The amount of code is greatly reduced, as an alternative to code generation, if you do not like it, because you get a lot of code, you can not write it, leave everything in runtime.
Using such code for simple tasks, we further reduce the requirements for executors, because there is very little imperative code and space for error too. Pulling a large amount of code into reusable components, we remove this class of errors.
On the other hand, we are so much raising the requirements for the qualifications of the designer, because questions of knowledge about working with Expression, Reflection, their optimization, about places where you can shoot yourself in the foot are coming out. There are many such nuances here, so a person unfamiliar with this API will not immediately understand why Expression just does not combine. The designer should be cooler.
In some cases, Expression.Compile () can catch performance degradation. In the caching example, I had a limitation that the Expressions are static, because a Dictionary is used for caching. If someone does not know how it is arranged inside, starts to do it thoughtlessly, declares the specifications non-static inside, the cache method will not work, and we will receive calls to Compile () in random places. Exactly what I wanted to avoid.

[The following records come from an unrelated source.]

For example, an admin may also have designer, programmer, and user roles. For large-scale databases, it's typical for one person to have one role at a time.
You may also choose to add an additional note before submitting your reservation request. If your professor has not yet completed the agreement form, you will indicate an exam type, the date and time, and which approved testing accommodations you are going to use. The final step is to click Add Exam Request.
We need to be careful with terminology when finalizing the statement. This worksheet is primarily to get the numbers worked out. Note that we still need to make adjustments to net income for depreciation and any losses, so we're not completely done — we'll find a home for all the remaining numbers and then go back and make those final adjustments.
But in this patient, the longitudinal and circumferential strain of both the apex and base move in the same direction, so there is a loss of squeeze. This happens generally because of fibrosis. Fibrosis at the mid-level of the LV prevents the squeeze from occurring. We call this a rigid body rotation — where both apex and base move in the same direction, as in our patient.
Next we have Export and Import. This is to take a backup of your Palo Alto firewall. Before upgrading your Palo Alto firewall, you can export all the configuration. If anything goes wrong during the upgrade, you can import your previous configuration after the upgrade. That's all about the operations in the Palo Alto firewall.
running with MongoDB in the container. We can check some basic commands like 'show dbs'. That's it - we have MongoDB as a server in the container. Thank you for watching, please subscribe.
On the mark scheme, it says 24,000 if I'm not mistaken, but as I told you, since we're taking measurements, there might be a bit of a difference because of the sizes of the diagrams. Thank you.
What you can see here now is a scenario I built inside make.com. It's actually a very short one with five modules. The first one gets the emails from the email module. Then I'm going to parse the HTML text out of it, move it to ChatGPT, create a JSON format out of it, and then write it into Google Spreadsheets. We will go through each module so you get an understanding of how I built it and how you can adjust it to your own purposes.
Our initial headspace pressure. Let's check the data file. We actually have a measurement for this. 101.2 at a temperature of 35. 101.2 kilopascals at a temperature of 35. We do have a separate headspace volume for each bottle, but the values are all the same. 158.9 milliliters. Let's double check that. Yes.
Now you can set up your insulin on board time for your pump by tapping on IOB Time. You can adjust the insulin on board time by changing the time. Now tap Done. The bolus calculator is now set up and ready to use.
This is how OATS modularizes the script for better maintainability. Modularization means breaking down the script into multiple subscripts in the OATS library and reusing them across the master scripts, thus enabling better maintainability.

The most unpleasant minus is that the code ceases to look like a C # code, it becomes less idiomatic, static calls appear, strange additional Where () methods, some implicit operators are overloaded. This is not in the MSDN documentation, in the examples. If, say, a person with little experience comes to you, who is not used to creeping into the source code, he will most likely be in a little prostration at first, because it does not fit into the picture of the world, there are no such examples on StackOverflow, but with this will have to work somehow.
In general, this is all I wanted to talk about today. Much of what I have said, in more detail, with the details written on Habré. The library code is laid out on the githaba, but it has one fatal flaw - the complete lack of documentation.